Straw Wine: A New Adventure for Capitello Wines
I recently spent some time in a south Willamette Valley vineyard clipping beautiful clusters of Pinot Gris grapes. It was on a day that we had our first rainfall of the season, and about thirty people showed up in hats, boots and raincoats to harvest some three tons of luscious, juicy, sweet Pinot Gris. After all the grapes were loaded onto a truck to be transported to a nearby winery, we celebrated the 2012 harvest with a pig roast, wine and beer.
On my way home, I stopped in at one of my favorite local wineries, Domaine Meriwether - home to some of Oregon’s finest sparkling and still wines. With lively year round events and live music on Friday nights, I spend a lot of time having fun with friends and family at Domaine Meriwether.
During this visit, however, I noticed something in the winery that I had never seen before: stacks of straw matting holding clusters of freshly picked grapes lined the back wall of the winery. Portable heaters were close-by and generating heat, keeping the clusters warm and dry. Buzz Kawders, owner of Domaine Meriwether, was quick to explain that these mats of grapes were the project of local winemaker and owner of Capitello Wines, Ray Walsh, and Walsh was planning to make the Pacific Northwests first straw wine. Kawders said, “these Sauvignon Blanc grapes are here to dry up like raisins, which will take about three months, then the concentrated juice will be pressed out to make wine.”
I had never heard of straw wine before, and I had to find out more. Soon after, I was on the phone with Ray Walsh to see what this Straw Wine was all about.
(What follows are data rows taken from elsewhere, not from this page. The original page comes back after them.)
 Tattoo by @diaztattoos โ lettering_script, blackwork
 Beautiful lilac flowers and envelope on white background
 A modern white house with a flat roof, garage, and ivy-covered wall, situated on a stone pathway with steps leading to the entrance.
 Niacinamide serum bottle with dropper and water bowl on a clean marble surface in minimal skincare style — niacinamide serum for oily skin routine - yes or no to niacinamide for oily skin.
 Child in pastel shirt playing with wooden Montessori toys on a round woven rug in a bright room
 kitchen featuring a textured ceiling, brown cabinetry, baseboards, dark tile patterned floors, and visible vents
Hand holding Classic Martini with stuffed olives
WJ: Please tell me about this Straw Wine you’re making.
Walsh: I found this technique [of making wine] and I just wanted to try it, to give it a go and the straw is used as ventilation. The grapes lie on the straw which gives them ventilation so they don’t actually mold. You see, if you just put fruit in a bowl and let it sit, it will mold, but if it gets lots of ventilation, it will just start raisin-ing up, so that’s what I’m trying to achieve. So, I’ve got these sample bottles from South Africa, New Zealand and Austria that are all labeled as Straw Wine, and I thought, this is so cool, no one in the Northwest has done this, so I thought I’d give it a go.
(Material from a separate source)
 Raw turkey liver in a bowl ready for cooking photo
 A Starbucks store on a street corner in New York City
WJ: How much are you making?
Walsh: There’s about a half a ton there, and this is just a trial, so we’ll see how it goes.
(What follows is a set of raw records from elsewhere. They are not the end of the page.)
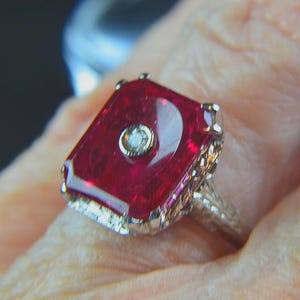 May include: A close-up of a vintage ring featuring a large, rectangular, deep red gemstone with a small, round, clear stone in the center. The ring has an ornate, filigree-style band.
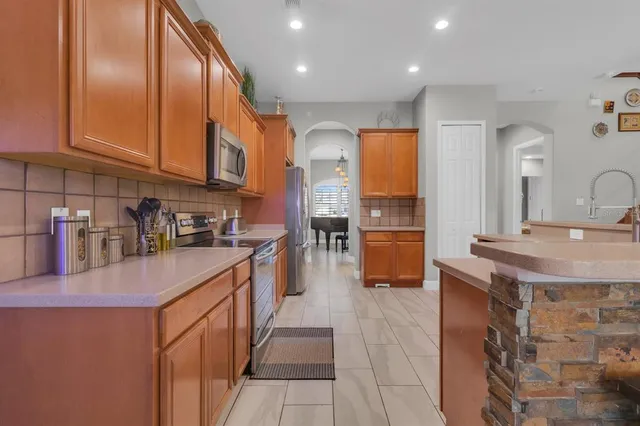 a kitchen with stainless steel appliances granite countertop a sink and cabinets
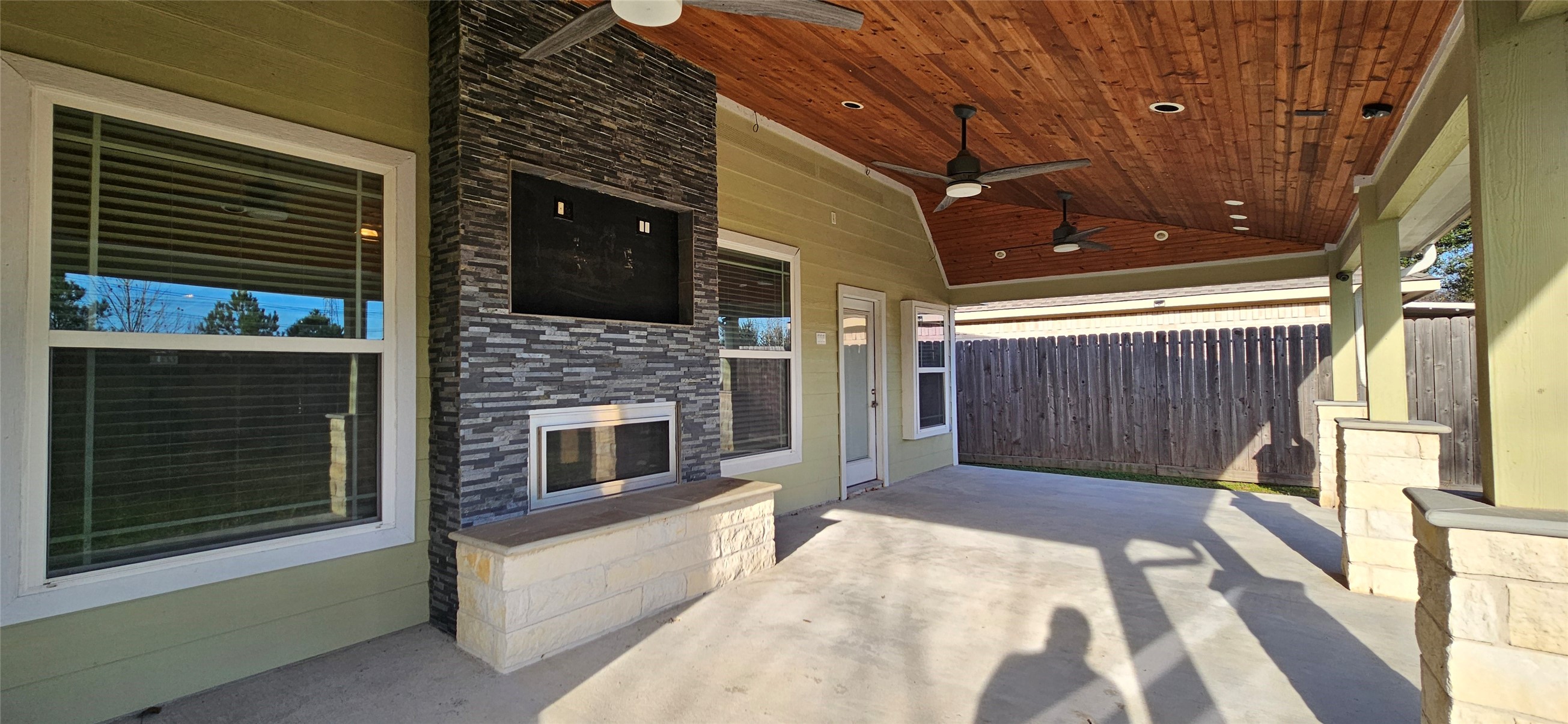 13035 Bainbridge Trail Houston, TX 77065 - Photo 26 of 31 Gorgeous covered patio with two fans and gas fireplace
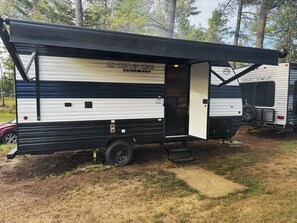 Una caravana Grey Wolf con toldo negro, puerta corrediza y un interior visible.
WJ: So you’re using Sauvignon Blanc grapes?
Walsh: Typically, it’s done with Muscat or Semillon, but I do have one sample at home that’s actually Sauvignon Blanc, and that came out pretty well, so I just wanted to try that [Sauvignon Blanc].
WJ: How long does it take them to dry out?
Walsh: From what I can see from research, you’re meant to leave them for three months, or you can take them in two months if they’ve lost thirty percent of their body weight. I wasn’t originally planning on doing anything that long. I was thinking four or five weeks, so now that I’ve done more research, I’ll probably re-evaluate my plan then and see whether I say, nope that’s it, or whether I keep going. But, I pulled some grapes yesterday, and I was finding grapes that were already over thirty brix, so they’re already dehydrating.
WJ: I’m amazed that after they dry out like that, that juice can still be extracted from them.
Walsh: There’s not a lot of juice in the end. I can’t believe how labor intensive this is really, you actually harvest the grapes twice – once from the vine and then re-harvested from the straw matting, so you go through two harvests. But, I just really want to do this, you know, you’ve gotta have fun with wine making and stop yourself from being complacent, so trying things like this is just cool.
WJ: When will this Straw Wine be released?
Walsh: I hope to have it released in May or June.
WJ: Will the flavors be what we’re used to with Sauvignon Blanc?
Walsh: Well, the flavors will be really, really rich, really intense. Kind of like a Sauvignon Blanc, but more rich and intense.
Simply put, straw wine is made from harvested ripe grapes that have been dried in the heat and kept from molding by the ventilation provided by the straw matting. After approximately 120 days (or less) of drying, the grapes are re-harvested and gently pressed to capture the concentrated juice. The juice is then fermented and placed in oak barrels before bottling. Months of aging vary on the winemaker, and the result is a rich, intense, sweet wine. Because of the low yields and labor intensive production method, straw wines are usually quite expensive.
Considering Ray Walsh’s hands-on approach to winemaking and his deep respect for the grape, the Capitello Wines have consistently showcased pure varietal expression. From his stellar Willamette Valley Sauvignon Blancs to his uniquely delicious Marlborough, New Zealand Pinot Noirs, I have no doubt that this new adventure in producing the Northwest’s first Straw Wine will be another high quality, hand crafted wine that can be added into the incredible line-up of award-winning Capitello Wines. I hope all goes as planned – I am really looking forward to sipping the first straw wine to ever be produced in Oregon.